[What to do]: For this task, output exactly the lines of the material below starting at the line with "Оживленный фестиваль цветения" and ending at the line with "Sarasota, FL 34239"; pictures are to be excluded.

[Exercise inputs]:
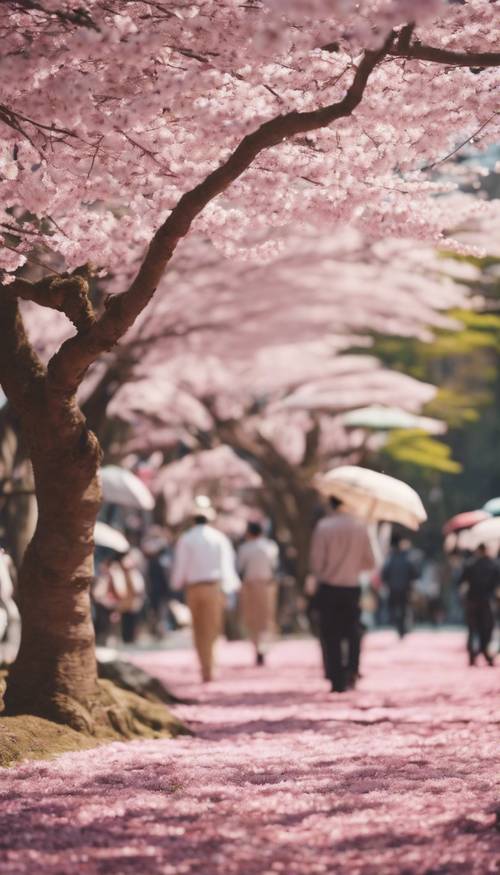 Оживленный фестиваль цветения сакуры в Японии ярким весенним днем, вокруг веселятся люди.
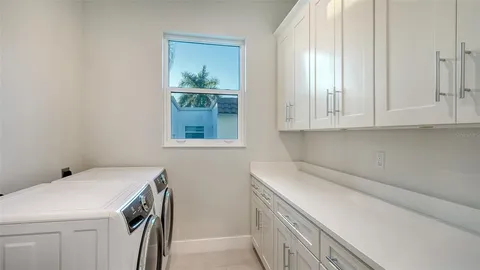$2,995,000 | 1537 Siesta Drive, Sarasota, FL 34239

---

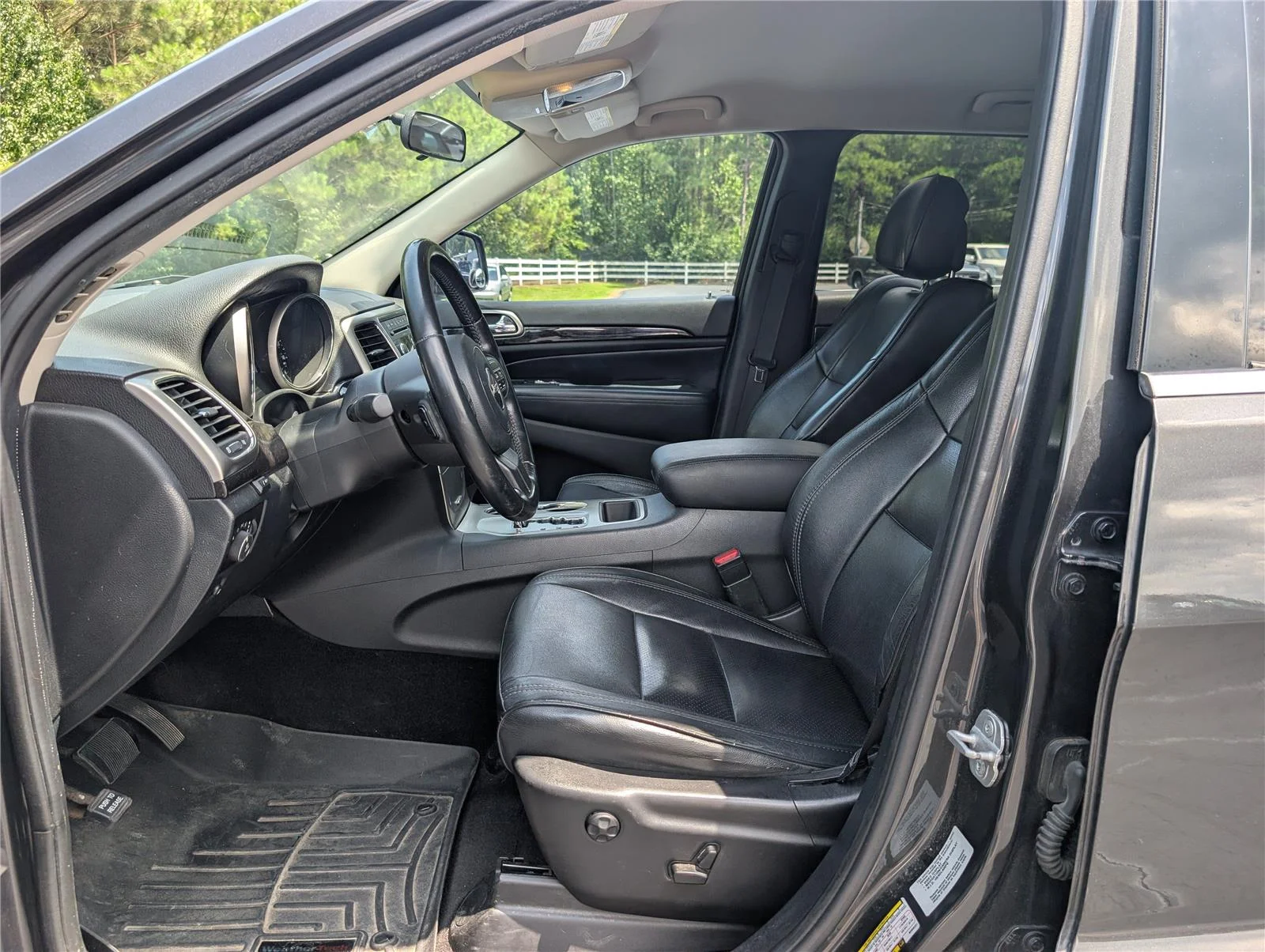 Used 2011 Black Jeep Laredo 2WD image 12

[Result of the exercise]:
 Оживленный фестиваль цветения сакуры в Японии ярким весенним днем, вокруг веселятся люди.
$2,995,000 | 1537 Siesta Drive, Sarasota, FL 34239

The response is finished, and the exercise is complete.